IPs are affected directly and indirectly. For example, directly: rising sea levels due to increased temperatures flood indigenous islanders living in the Pacific (UNPFII, 2008). Indirectly IPs are paradoxically threatened by the implementation of strategies aimed at abating the phenomenon. IPs in Kenya are being evicted in an effort to protect forests (Survival International, 2009: 7) while Brazil’s IPs are losing land to biofuel production (Survival International, 2009: 5-6), the production of which aims to enable a move away from fossil fuels.
Climate activists are calling for the world’s inhabitants to change their lifestyles. It is often suggested that people should learn from IPs who are perceived as living environmentally mindful lives, contributing little to climate change (Chanza and de Wit, 2016: 36).
The ‡Khomani Bushmen of South Africa
The ‡Khomani, the last remaining indigenous Bushmen1 of South Africa, reside in the Northern Cape Province in the southern Kalahari Desert. South Africa’s temperatures are rising at twice the global average (Heiberg, 2020) with 2019 producing record high temperatures (Gaworecki, 2020). 2015 was also the driest year on record in South Africa with water levels dwindling in particular areas. Specifically, the Northern Cape has been suffering from consecutive years of abnormally high temperatures and below average rainfall (Heiberg, 2020).

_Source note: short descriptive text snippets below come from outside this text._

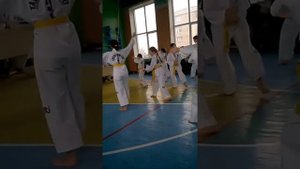 Атестация на зелёный пояс.
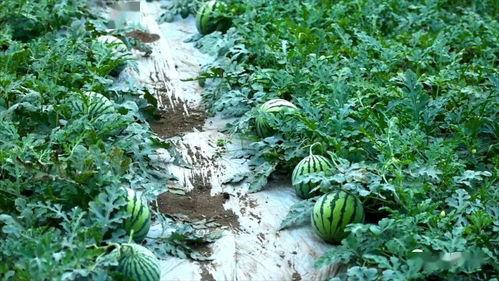 盘州吃小瓜,小瓜的诱惑，舌尖上的盘州风情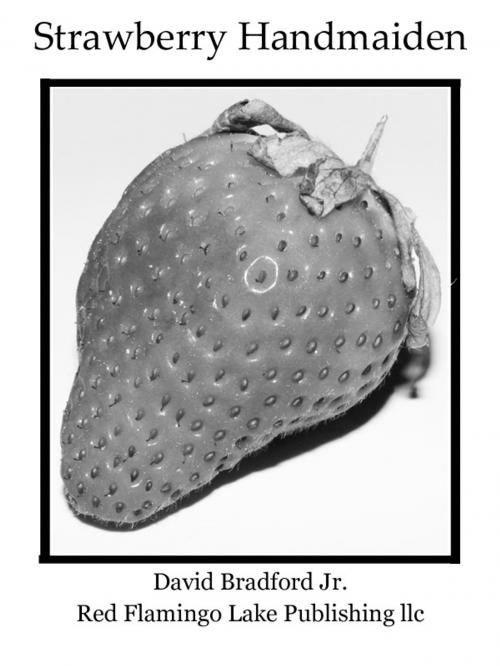 Cover of the book Strawberry Handmaiden by David Bradford Jr., Red Flamingo Lake Publishing llc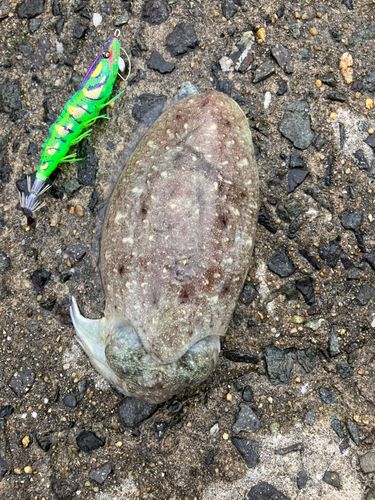 コウイカの釣果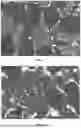 Fig. 08 - CREEPAGE STAGE DETERMINATION SYSTEMS AND METHODS FOR ALUMINUM-CONTAINING HEAT-RESISTANT ALLOY FURNACE TUBES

Historically, the ‡Khomani were hunter-gatherers living in the southern Kalahari in small family bands. They were nomads who relocated as resources became depleted. Resource acquisition was limited by adverse weather, the presence of predators, and the existence of neighbouring clans – although informal benefit sharing agreements were usually entered into.
Today the ‡Khomani live on land returned to them through South Africa’s land restitution process. Despite good intentions, when land is returned, recipients do not receive the land as it was prior to dispossession. Land changes over time, depending on how it is being used, as do the laws that regulate its use. Prior to the return of the ‡Khomani land, it was divided and fenced into farms and remains as such. One of the farms is managed as a private game ranch, Erin, while the others are inhabited by community members some of whom graze domestic livestock. Regulations mean that the ‡Khomani cannot hunt and gather at will.
There is little game on the ‡Khomani farms. If community members want to hunt on Erin or on the land that they own in the Kgalagadi Transfrontier Park (KTP), where there is game, they have to gain the permission of local governing bodies and secure a permit. Human habitation and the grazing of domestic livestock have also limited the growth of veldkos2 and medicinal plants on the farms. More are available in the KTP; however, gathering is controlled in the Park so community members need to request permits and secure transport to the Park, located 60 km away, before undertaking any gathering activity.
These requirements mean that since the return of their land, the ‡Khomani have been unable to pursue their environmentally sustainable hunter-gatherer mode of subsistence, and have been inhibited from passing on their indigenous knowledge to current generations. There are a number of environmental concerns regarding how the ‡Khomani live and use their land.
The ‡Khomani as contributors to climate change
Successive community bodies have struggled to manage the assets in an environmentally, financially and culturally appropriate way. A consultant has been appointed by the South African government to work with the ‡Khomani, but there is still little, if any, discussion or training regarding environmentally responsible management.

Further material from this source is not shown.